De la Trinidad, Ricardo de San Víctor

 [De Trinitate]. Obra teológica en seis libros, sobre la doctrina de la unidad de la. naturaleza divina y la trinidad de las personas, de Ricardo de San Víctor (m. 1173), teólogo místico de origen escocés o irlandés.

Es el único de sus gran­des escritos que tiene un carácter exclusi­vamente especulativo y verdaderamente original, y que permite conocer la doctrina teológica peculiar del autor. Vicente de Beauvais la consideró como la más impor­tante de sus obras. En un «Prólogo», Ricar­do pide a los cristianos que «se esfuercen constantemente en comprender con la razón lo que ellos mantienen por la fe». En los dos primeros libros trata de la unidad de Dios, desde el punto de vista de la razón. De la existencia de Dios aduce tres prue­bas: la contingencia de las criaturas, la jerarquía de los grados del ser y la poten­cia del ser. Es el primero en hacer uso del argumento «a posteriori» del principio de causalidad, contenido en la primera prueba; pero también excluye la necesidad de que un ser «causado» pueda no ser eterno, «algo así como si la causa debiera preceder nece­sariamente al efecto». «El rayo de sol, ¿es acaso posterior a él?».
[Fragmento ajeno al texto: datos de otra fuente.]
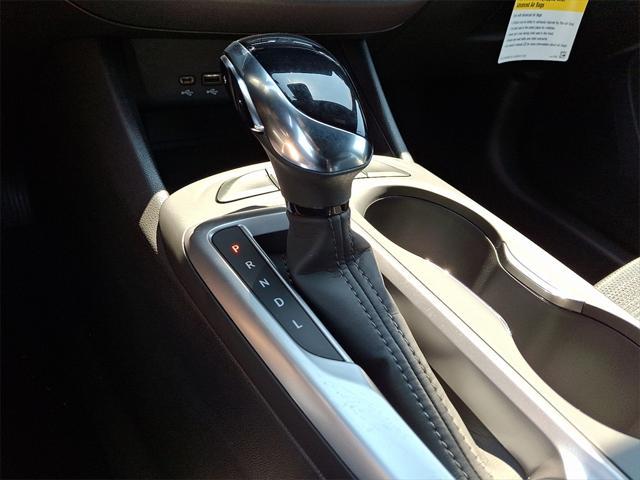 new 2025 Buick Envista car, priced at $26,080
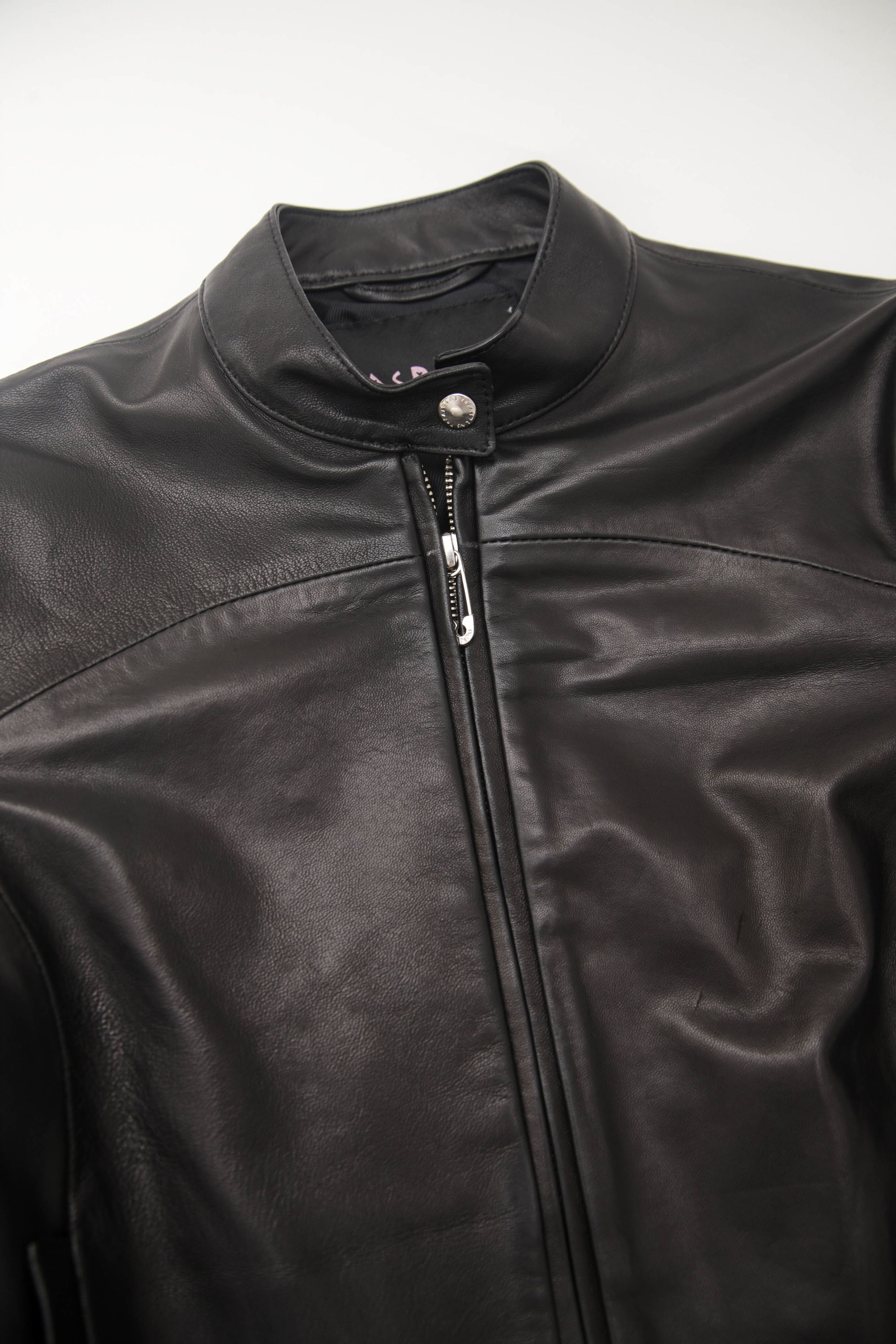CAMPERA DE CUERO BROWN // OVINO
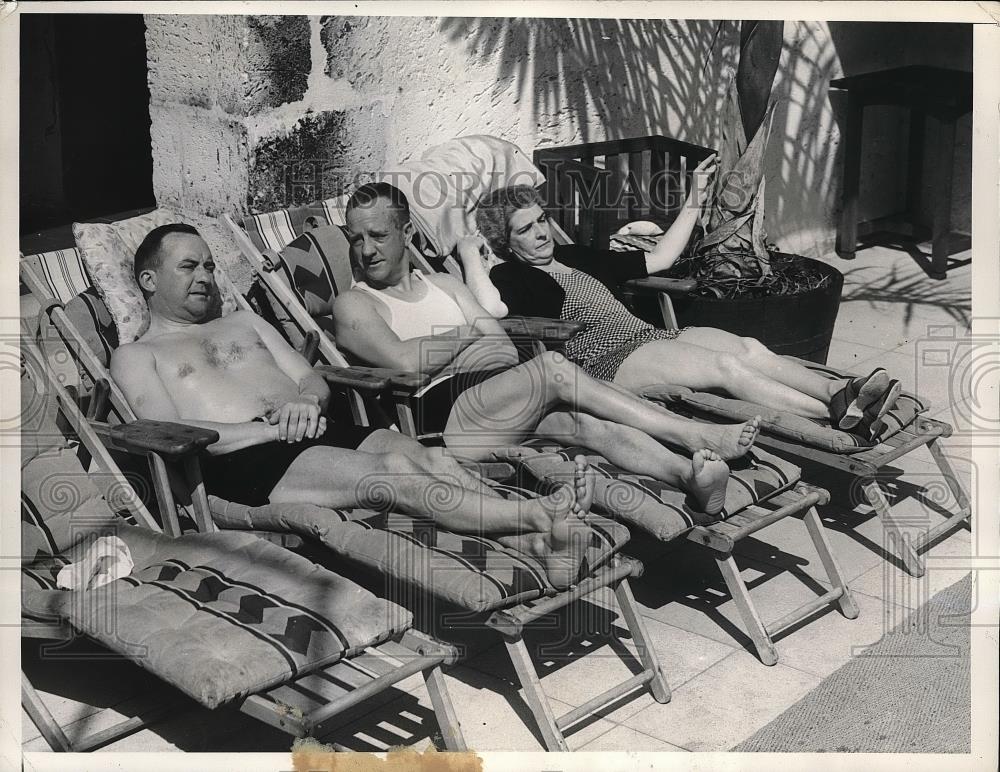 1935 Press Photo Robert Carter,Mr. &amp; Mrs. Stockton Soaking Up Sun On Vacation - Historic Images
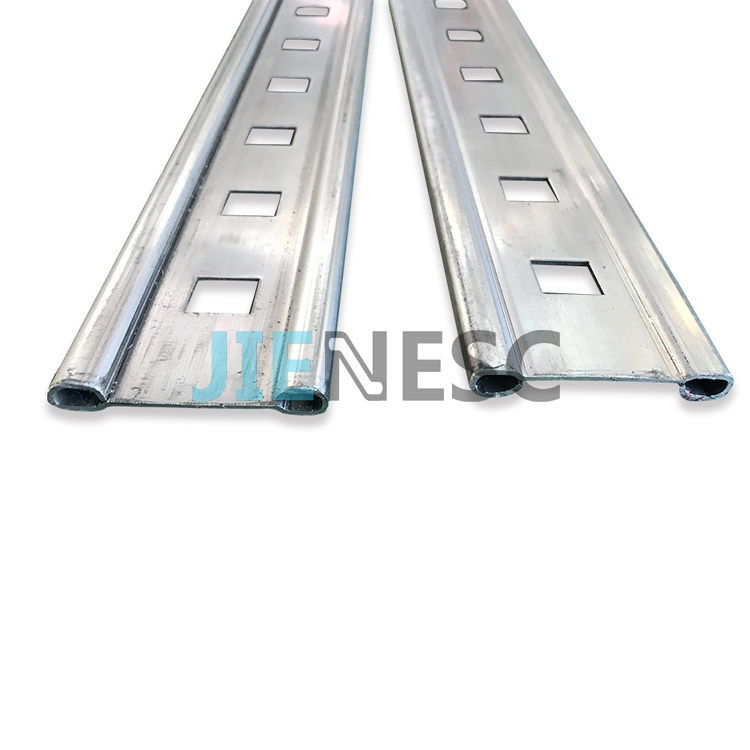 KM3670312  Escalator Handrail Guide Rail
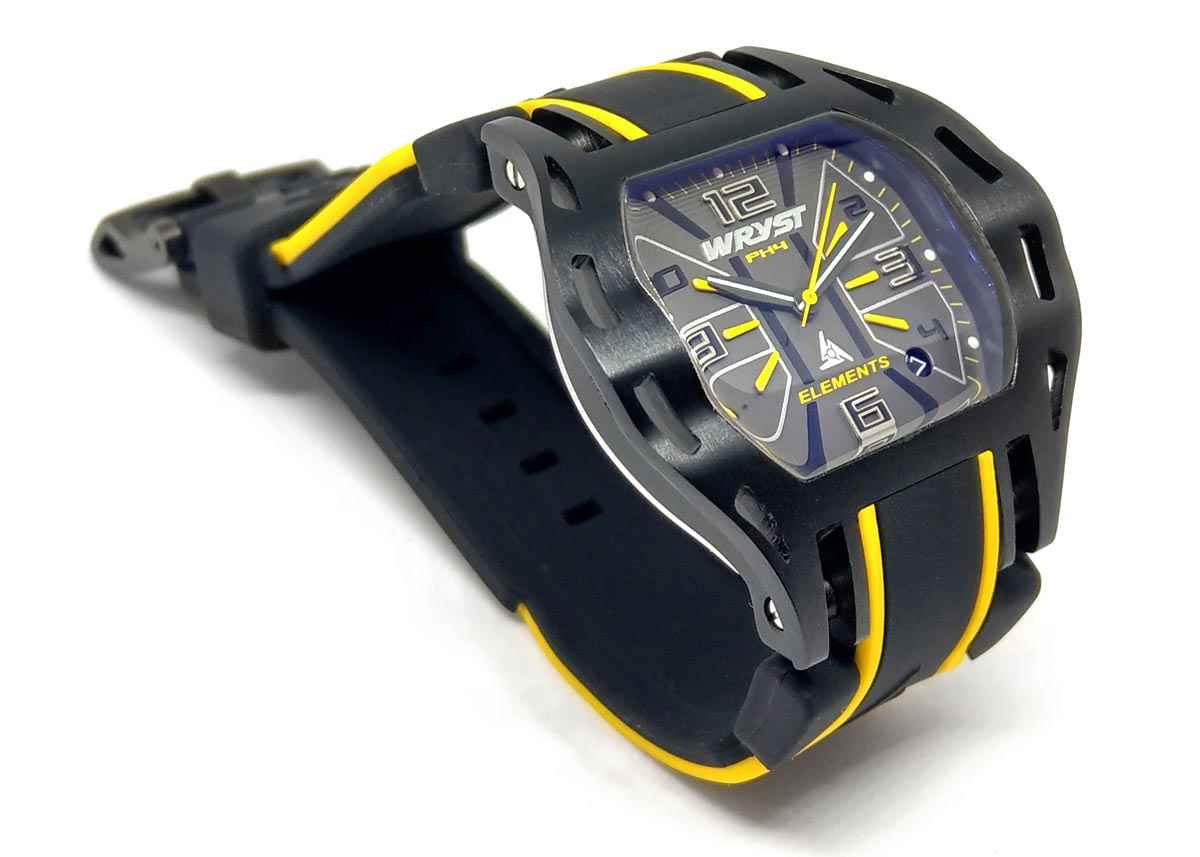 Reloj deportivo negro Wryst PH4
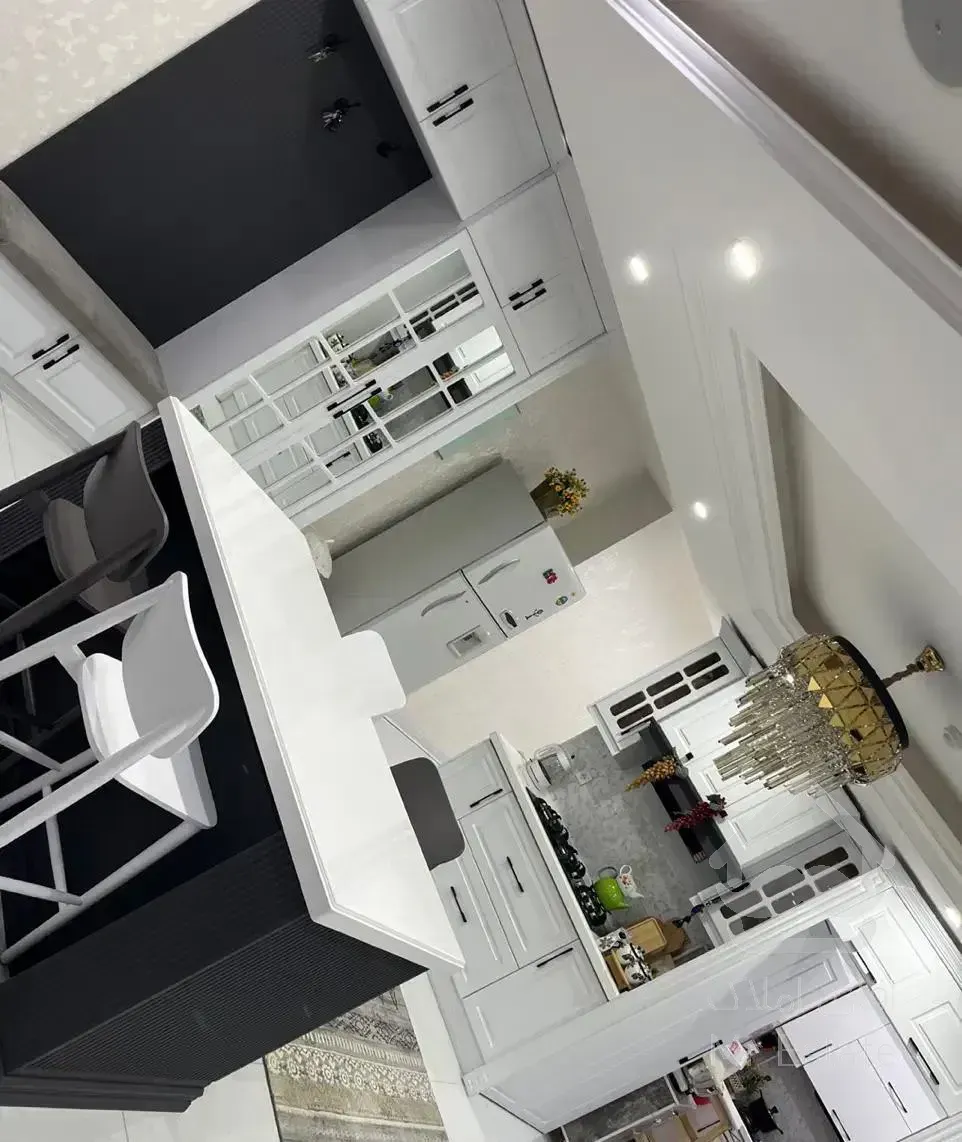 آ‌پارتمان ۱۸۴متر نوساز دوپارکینگ سندی ، لوکس و شیک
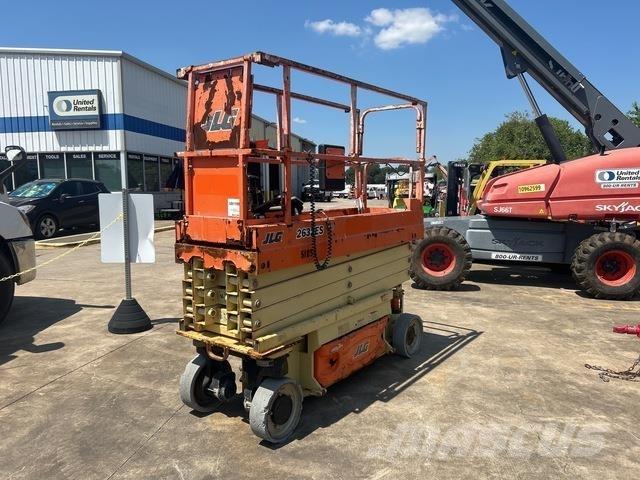 JLG 2632ES Sakselifter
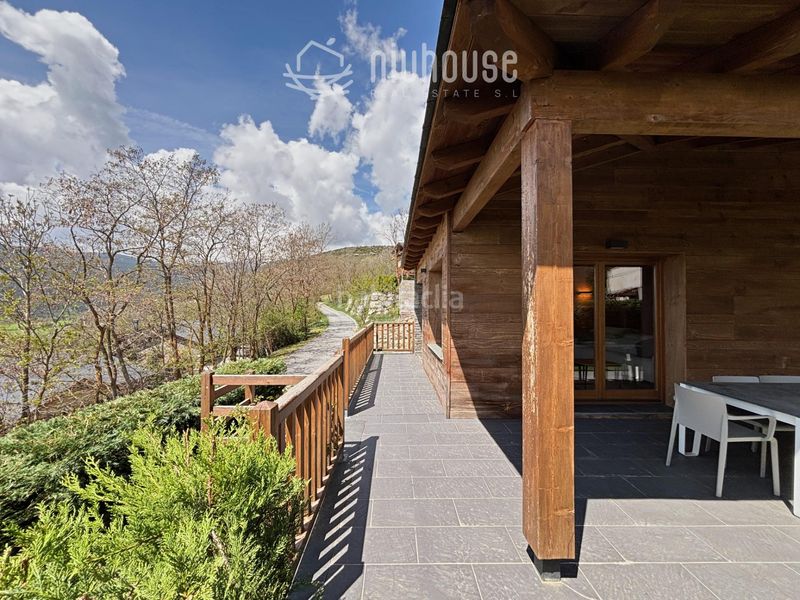 Foto 9673a194-88e6-4648-83c5-599443f11e15. Casa a Enveitg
Pasa entonces a de­mostrar la unidad de la sustancia suprema y a estudiar los atributos divinos: eternidad, inmensidad, sabiduría y poder, que son idénticos a la sustancia divina. En el tercer libro observa que escasean en los Padres de la Iglesia las pruebas racionales de la Tri­nidad y la verdad de la fe, y trata de cimentarlas. Dios, sumo amor, debe tender a un objeto digno de Él; por consiguiente, de naturaleza divina. Por otra parte, si ninguna persona participase de la plenitud de la gloria divina, su felicidad no sería per­fecta; y debe excluirse que Dios no haya querido o podido participarla. Quien no ad­mite la claridad de estas pruebas no puede ser más que «insanus». Las personas amadas por Dios con la plenitud de su amor deben ser dignas y, por lo tanto, iguales a Él y consustanciales. Entonces Ricardo se aplica a demostrar que la plenitud del amor divi­no exige un «condilectus», una tercera per­sona, sin la cual el amor entre las dos pri­meras no sería perfecto.

La plenitud de la sustancia divina pertenece a cada una de las tres personas. Del mismo modo que la diversidad sustancial de cuerpo y alma no destruye la unidad de la persona humana, así, en Dios, la diversidad de las personas no destruye la unidad de la sustancia. Es muy importante, al final de este libro, la crítica de Ricardo a la definición que Boe­cio da de la persona: «rationalis naturae individua substantia», que él quisiera susti­tuir por esta otra: «intellectualis naturae incomunicabilis existentia», porque la Tri­nidad es una «sustancia individual», pero no una persona. Tal sustitución no fue bien acogida por San Buenaventura ni por Santo Tomás; pero sí por Duns Scot, que la adop­tó en el Comentario (v. Obra de Oxford) al IV Libro de las Sentencias (v.). El quinto libro trata de las «Procesiones divinas». En Dios, una sola persona no procede de otra; la segunda procede de una sola; la tercera, de las otras dos; una sola da sin recibir; una da y recibe; la tercera recibe sin dar.

El libro sexto está consagrado al estudio de la diferencia existente entre las proce­siones del Hijo y del Espíritu Santo. El Hijo es el Verbo de Dios, mediante el cual se manifiesta la sabiduría divina; el Espíritu es la plenitud del amor que se comunica a los hombres haciéndoles semejantes a sí, con sus «dones». De Trinitate termina con unos ejemplos explicativos del misterio de la unidad en las tres personas. Constituye una expresión decidida y audaz del «Fides quaerens intellectum», característico de este período de la Escolástica, iniciado por Abe­lardo y los «Victorinos». En primer término se mantiene este principio de fe: «Nisi credideritis non intelligetis». Santo Tomás, si bien no reconoce valor al argumento de Ricardo de que la «plenitud de la bondad y felicidad» exigiría la Trinidad, lo cita en la Suma teológica (v.) sin censura, y lo aprueba por haber dicho que todo lo que debe creerse ha de estar precedido de razo­nes necesarias, aunque sean inaccesibles para nuestro entendimiento.